Risale-i Nur mesleğinin dört esasından birini “şefkat” olarak ifade eden müşfik Üstad, eserleriyle başlattığı iman hizmetinin ulaştığı insanların tümüne ve bu kapsamda şefkat kahramanı hanımlara bu şefkatle yaklaştı.
1935’te zulmen konulduğu Eskişehir hapishanesindeki hücresinin penceresinden karşıdaki lisenin bahçesinde gördüğü şen şakrak genç kızların 40-50 sene sonraki hazin hallerini düşünerek döktüğü gözyaşları, bu şefkatin tezahürlerinden biriydi.

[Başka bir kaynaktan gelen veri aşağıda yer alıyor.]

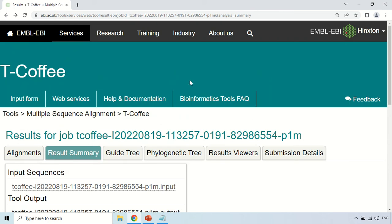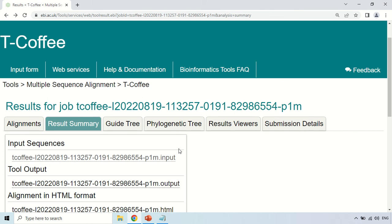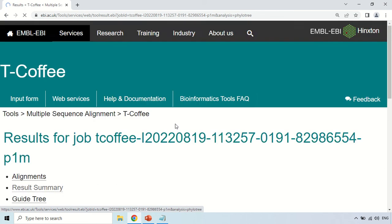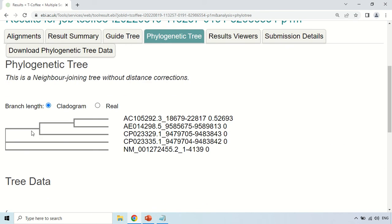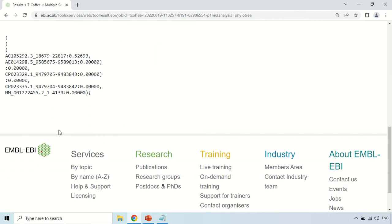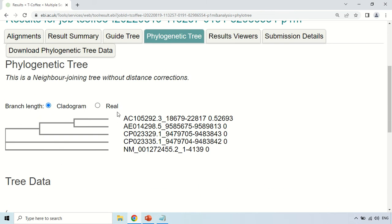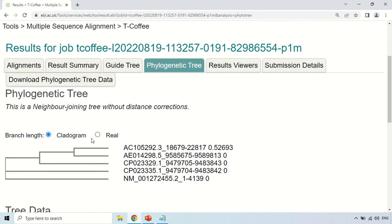The next section is Phylogenetic Tree. By using T-Coffee, you can also construct a phylogenetic tree. Just click under the Phylogenetic Tree section. Now you can see the phylogenetic tree of all five sequences, with their accession numbers shown. This is the tree data and the phylogenetic tree or cladogram. You can also download the phylogenetic tree data by clicking 'Download Phylogenetic Tree Data'.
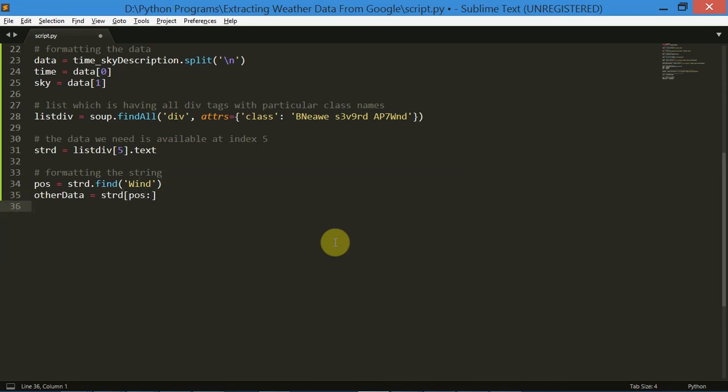Now we have all the data, we have done all the formatting and trimming with this data, and we can now simply just print this out to see the output.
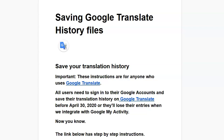The instructions there are for anybody that uses Google Translate. And as of April 30th, 2020, they're going to merge with Google My Activity and all those files are going to be gone. So there's a way to back them up — go to the show notes, it'll tell you all about it.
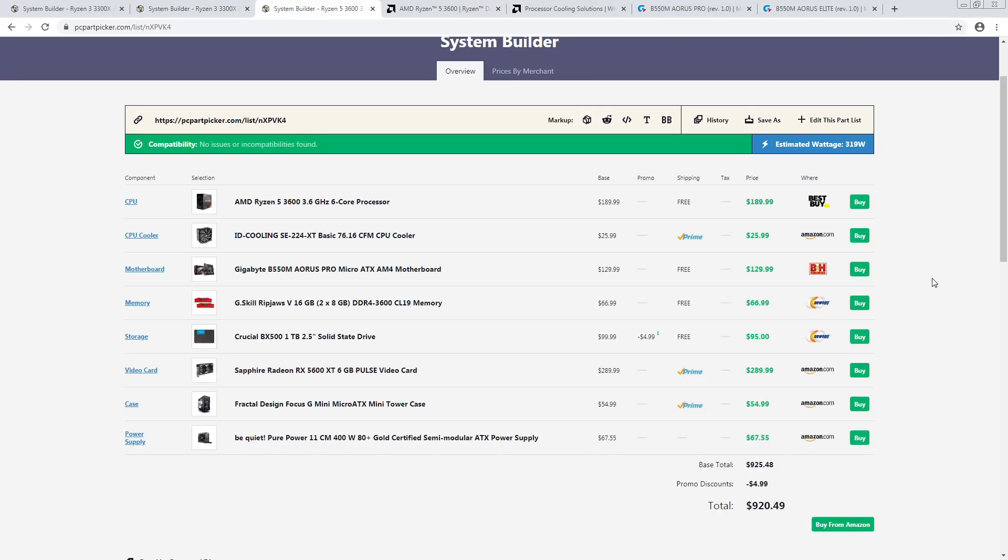Hi guys, Buildzoid here, and today we're doing another Buildzoid vs PC Part Picker video. This one, in my opinion, is pretty stat paddy because it's B550, lots of people are very interested in B550. I'm kind of annoyed by that because I'm far more interested in Z490, and yet my Z490 content gets like no bloody views. So here's some stat padding for you.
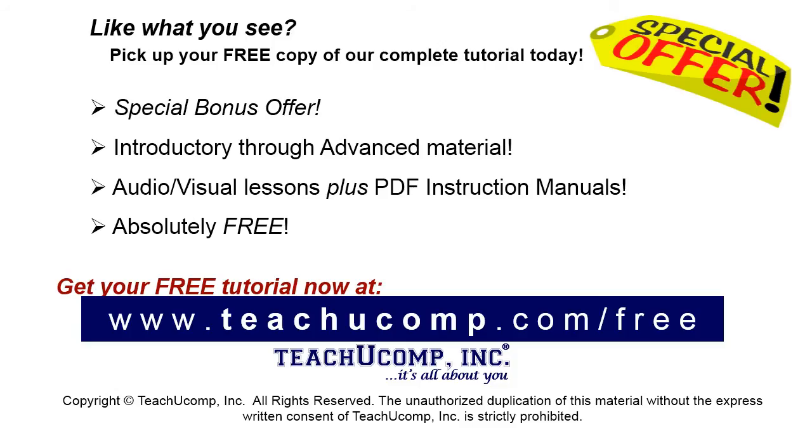Like what you see, pick up your free copy of the complete tutorial at www.teachucomp.com/free.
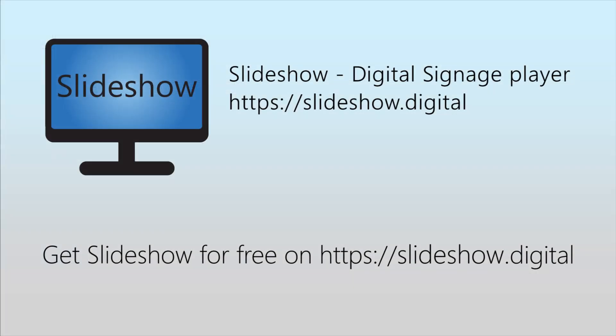That's all for today, thank you for watching. Slideshow app is entirely free and you can download it from website slideshow.digital or through Google Play Store.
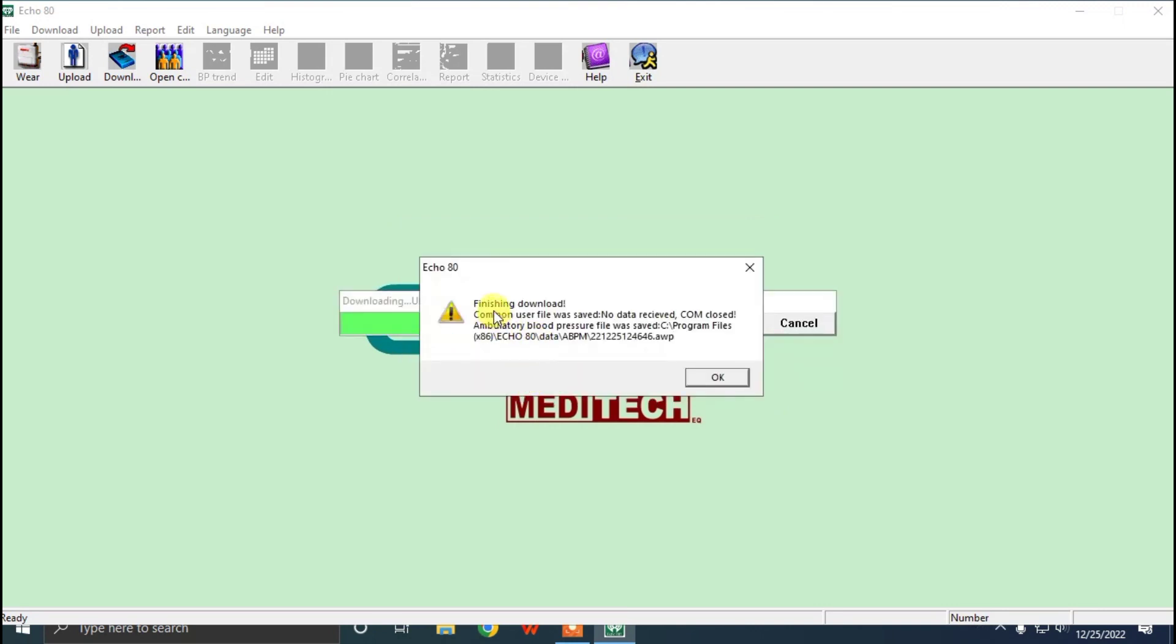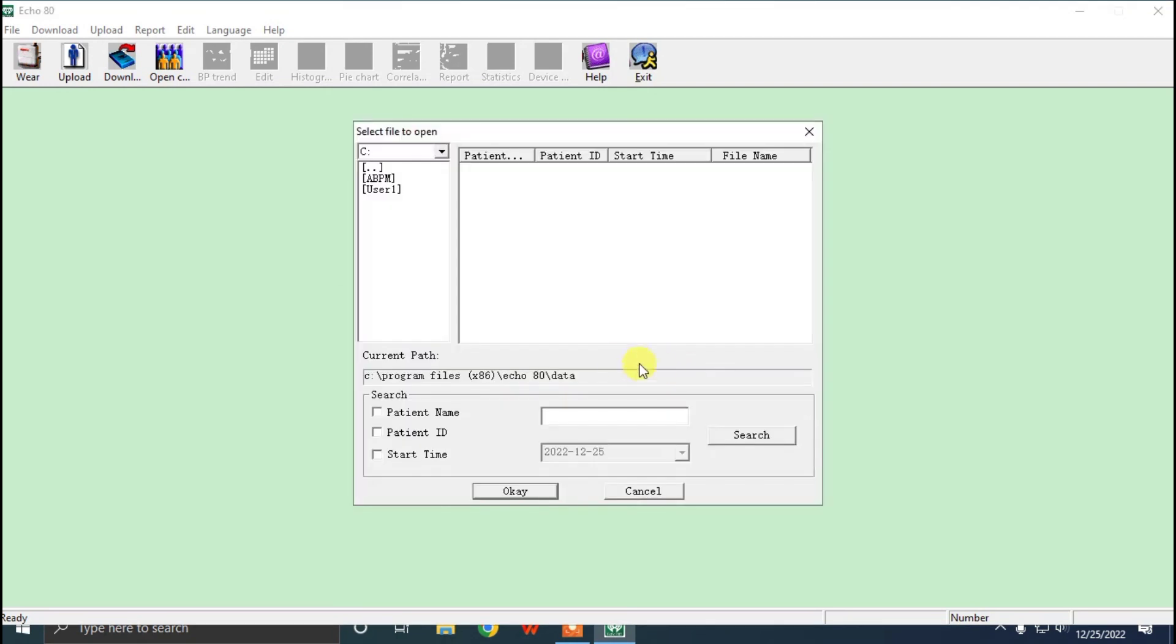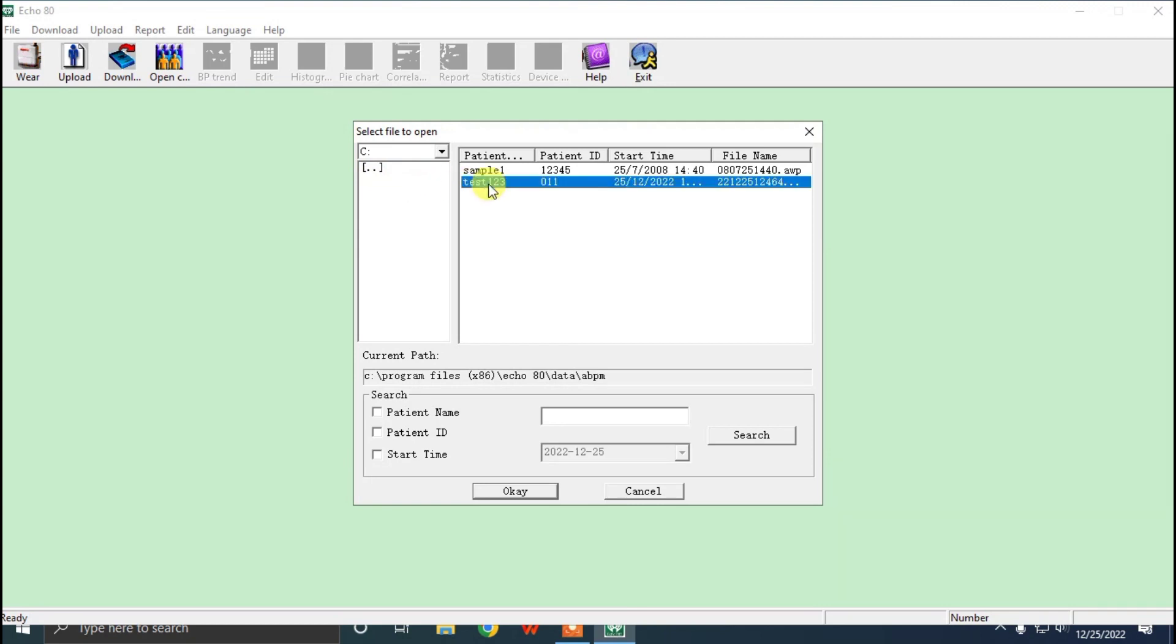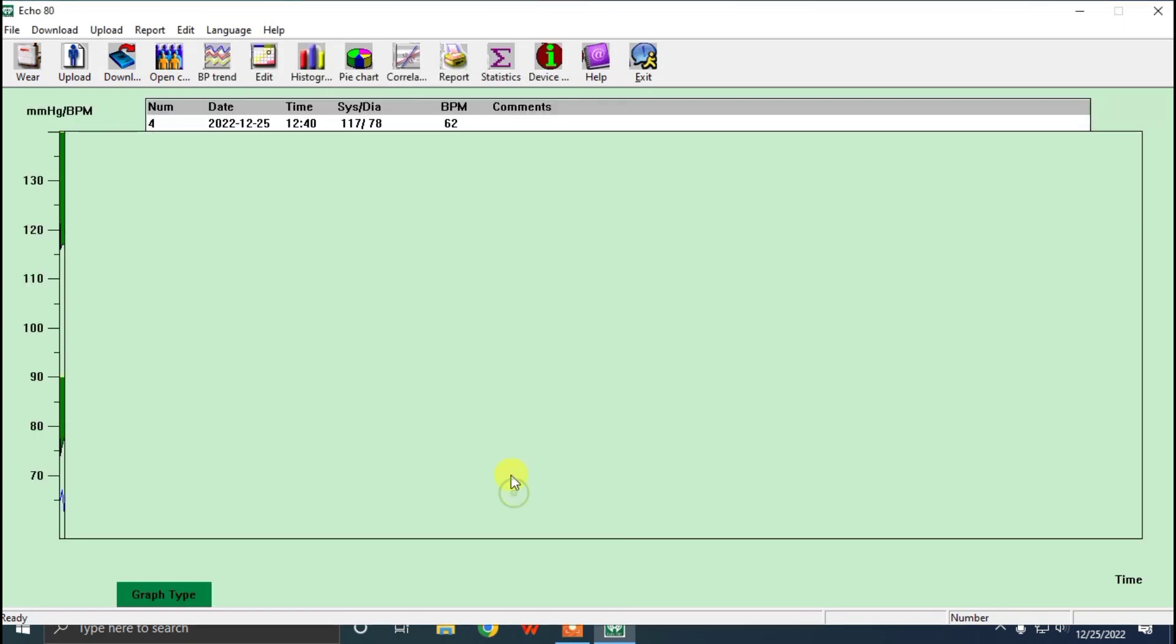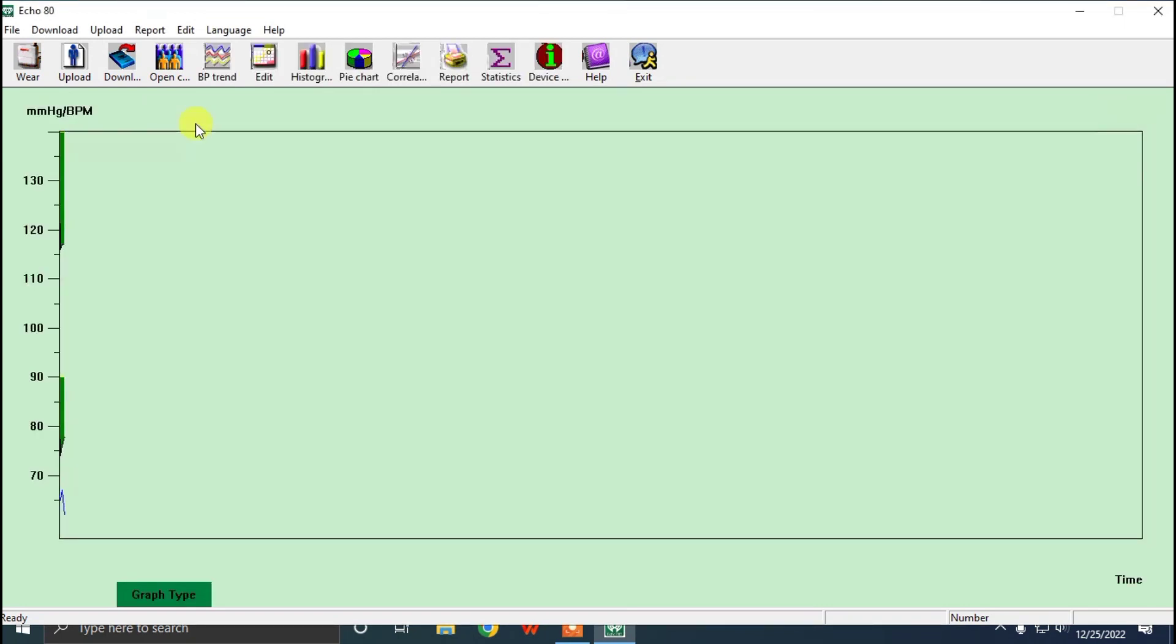After that, we can go to ABPM, and in that we have test 123, the patient name which we have entered before. So clicking it, OK, and we can get the data of that patient.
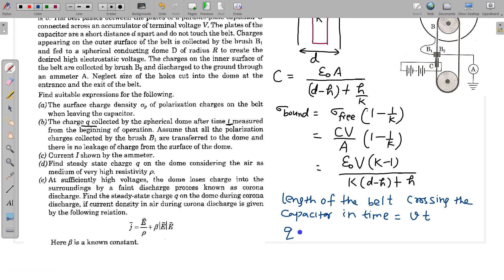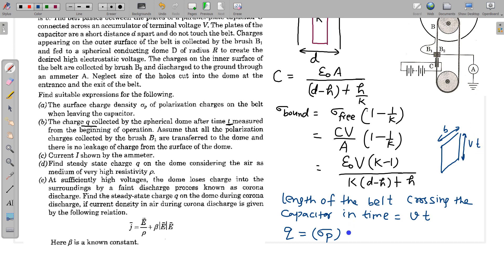The charge Q equals the polarization charge density multiplied by the area of belt crossing the capacitor in time t. The width of the belt is B and the length crossing is Vt, so the area is B times V times t. Therefore Q equals sigma_p times B times V times t. We substitute the expression for sigma_p from Part A to get the answer for Part B.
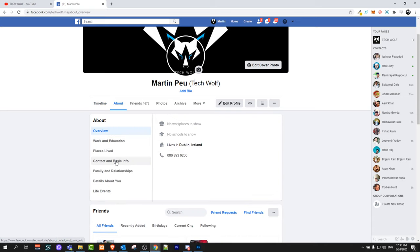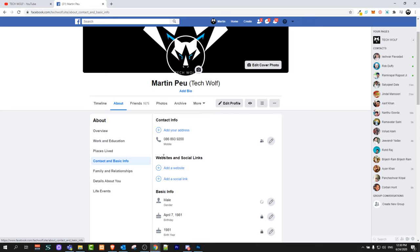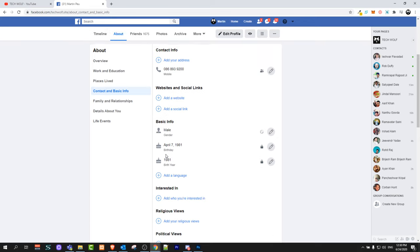Click on about and in this drop down click on contact and basic information. Once this opens up here scroll a little bit down and here you will see birthday.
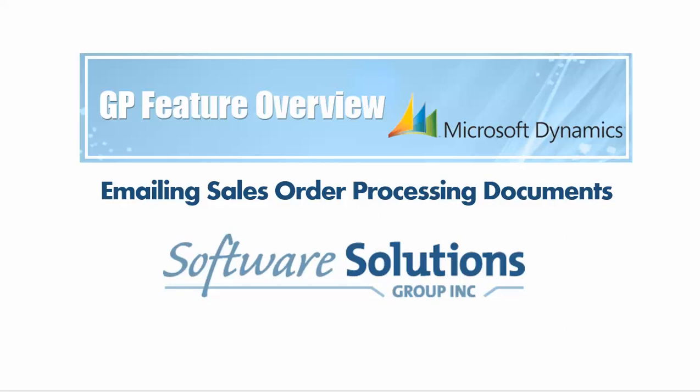Hello and welcome to this GP feature overview from Microsoft Dynamics GP: emailing sales order processing documents. Today we're going to give you a user guide on how to email sales order processing documents. I am assuming that you have already done the setup for email, but let's go over those steps real quick.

İslama zarar vermek kastıyla gençleri yoldan çıkarmak ve hevesata sevk etmek için çalışan komitelere dikkat çektikten sonra “Nisa (kadınlar) taifesinin gafil kısmını dahi yanlış yollara sevk etmek için bir-iki komitenin tesirli bir surette perde altında çalıştığını hissettim” tesbiti ve “Bu mübarekleri ifsad eden komiteler kahrolsunlar!” bedduası ile “Allah bu hemşirelerimi bu serserilerin şerlerinden muhafaza eylesin” duası da (Lem’alar, s. 324).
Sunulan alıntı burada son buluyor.